In 2007 the plaintiff, as assignee of the receivables of Hallmark Electrical Supplies Corp. (hereinafter Hallmark), commenced this action to recover damages in the sum of $108,323.01 based on accounts receivables for goods sold and delivered by Hallmark to the defendant. The defendant moved to dismiss the complaint pursuant to CPLR 3211 (a) (7) for failure to state a cause of action, asserting that the complaint was conclusory and legally insufficient, and the Supreme Court granted the motion. We reverse.

“On a motion to dismiss pursuant to CPLR 3211 (a) (7), the court must afford the pleadings a liberal construction, accept the allegations of the complaint as true, and provide the plaintiff the benefit of every possible favorable inference” (Halliwell v Gordon, 61 AD3d 932, 933 [2009]; see AG Capital Funding Partners, L.P. v State St. Bank & Trust Co., 5 NY3d 582, 591 [2005]; Leon v Martinez, 84 NY2d 83, 87 [1994]; Guggenheimer v Ginzburg, 43 NY2d 268, 275 [1977]). The test to be applied is whether the complaint “gives sufficient notice of the transactions, occurrences, or series of transactions or occurrences intended to be proved and whether the requisite elements of any cause of action known to our law can be discerned from its averments” (Moore v Johnson, 147 AD2d 621, 621 [1989], quoting Pace v Perk, 81 AD2d 444, 449 [1981]; see Conroy v Cadillac Fairview Shopping Ctr. Props. [Md.], 143 AD2d 726 [1988]).

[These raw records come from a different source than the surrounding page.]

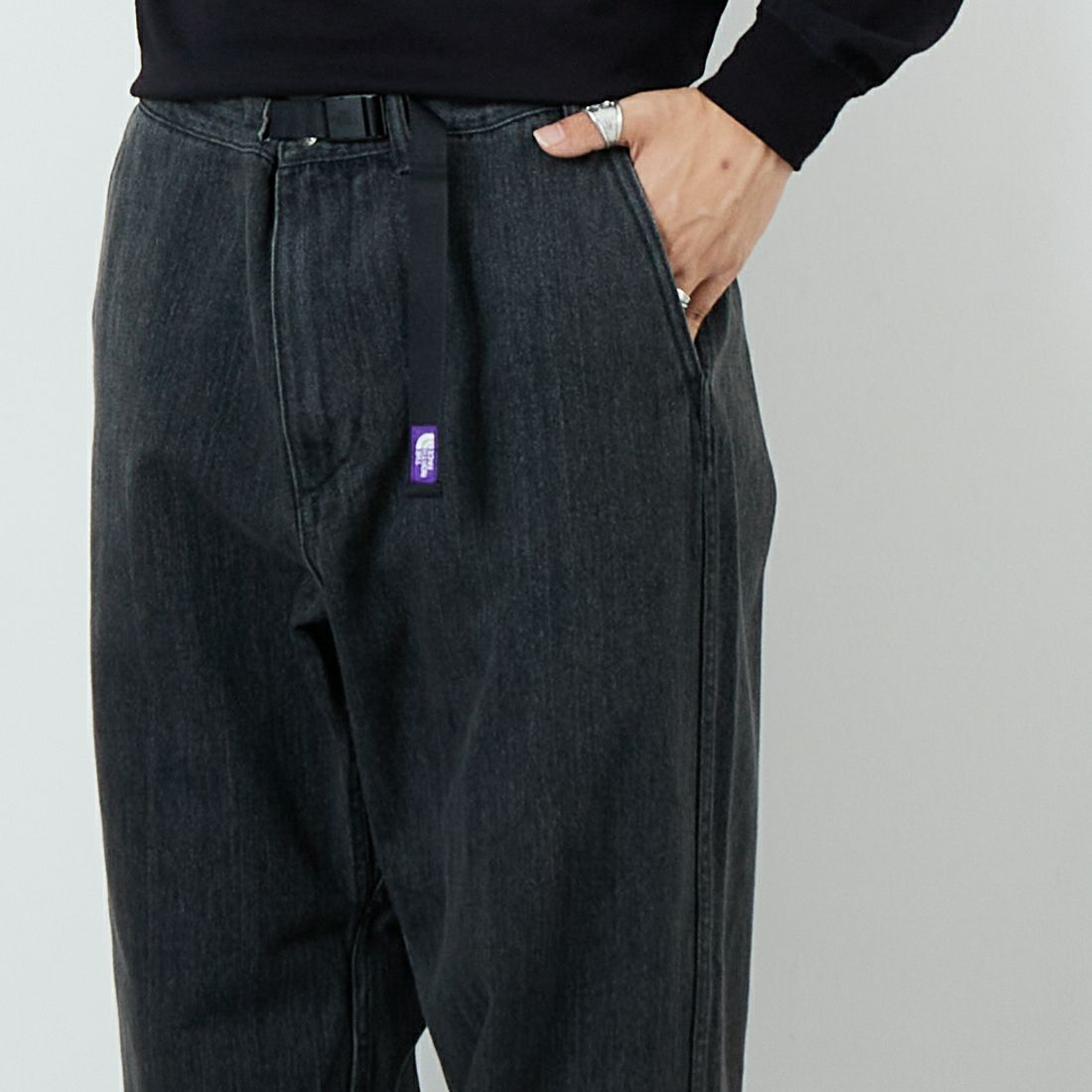 THE NORTH FACE PURPLE LABEL [ザ ノースフェイス パープルレーベル] デニムワイドテーパード フィールドパンツ [N25FC069] H GRAY &&モデル身長：179cm 着用サイズ：32&&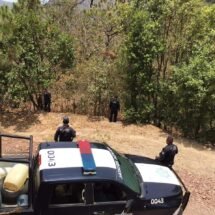 POLICÍA ESTATAL ASEGURA ARMAS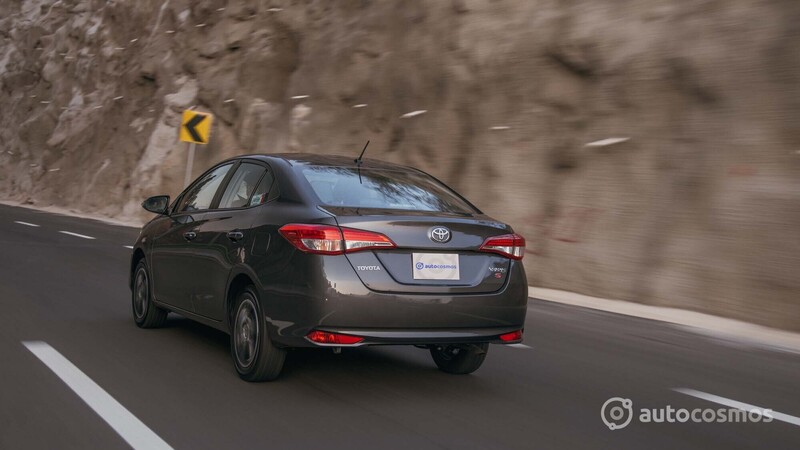 Toyota Yaris Sedán 2021 a prueba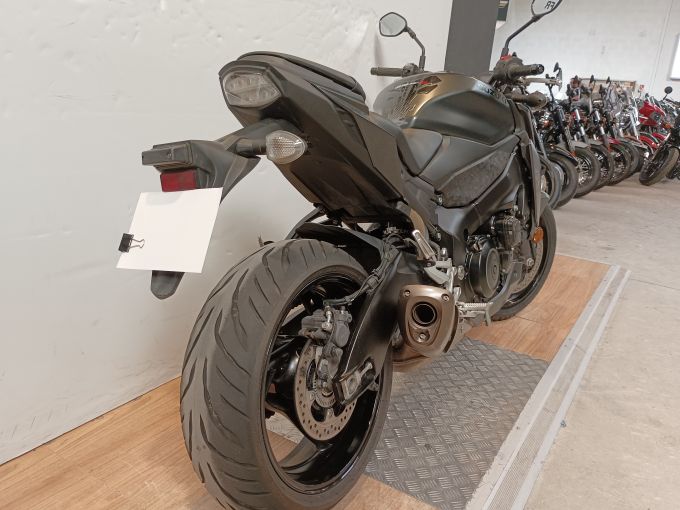 SUZUKI GSX-S 950 4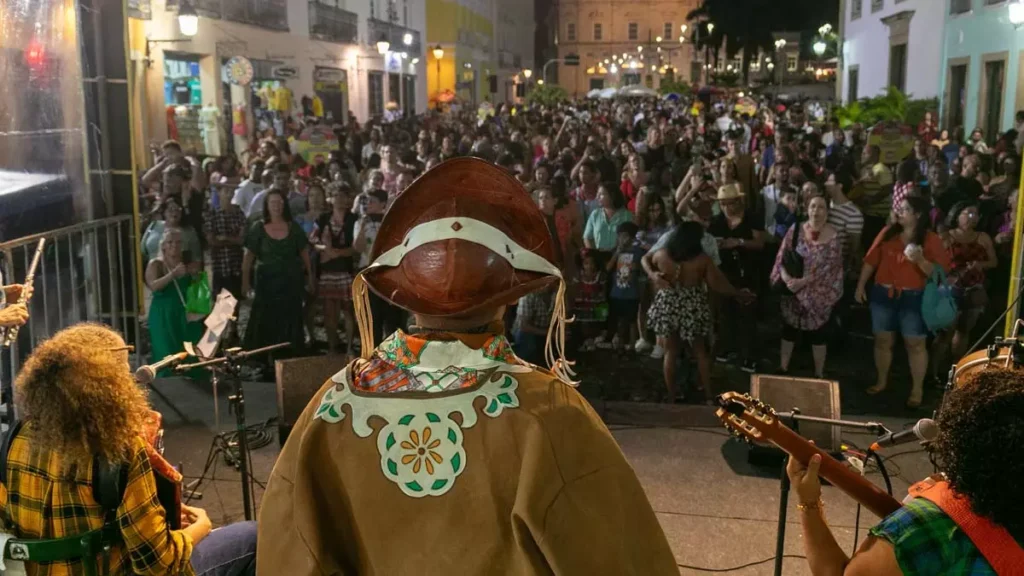 Tem forró nos quatro cantos do São João do Centro Histórico! Até o dia 25 de junho shows diários e gratuitos subirão nos palcos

Applying these principles to the instant matter, we find that the complaint adequately alleges all of the essential elements of a cause of action to recover damages for breach of contract, to wit: the existence of a contract, the plaintiffs performance under the contract, the defendant’s breach of that contract, and resulting damages (see Agway, Inc. v Curtin, 161 AD2d 1040, 1041 [1990]; Furia v Furia, 116 AD2d 694, 695 [1986]). Accordingly, the complaint sufficiently stated a cause of action to recover damages for breach of contract (see CPLR 3211 [a] [7]).

The defendant’s remaining contention is not properly before this Court (see DiSanto v DiSanto, 29 AD3d 935 [2006]). Mastro, J.P, Florio, Balkin and Leventhal, JJ., concur.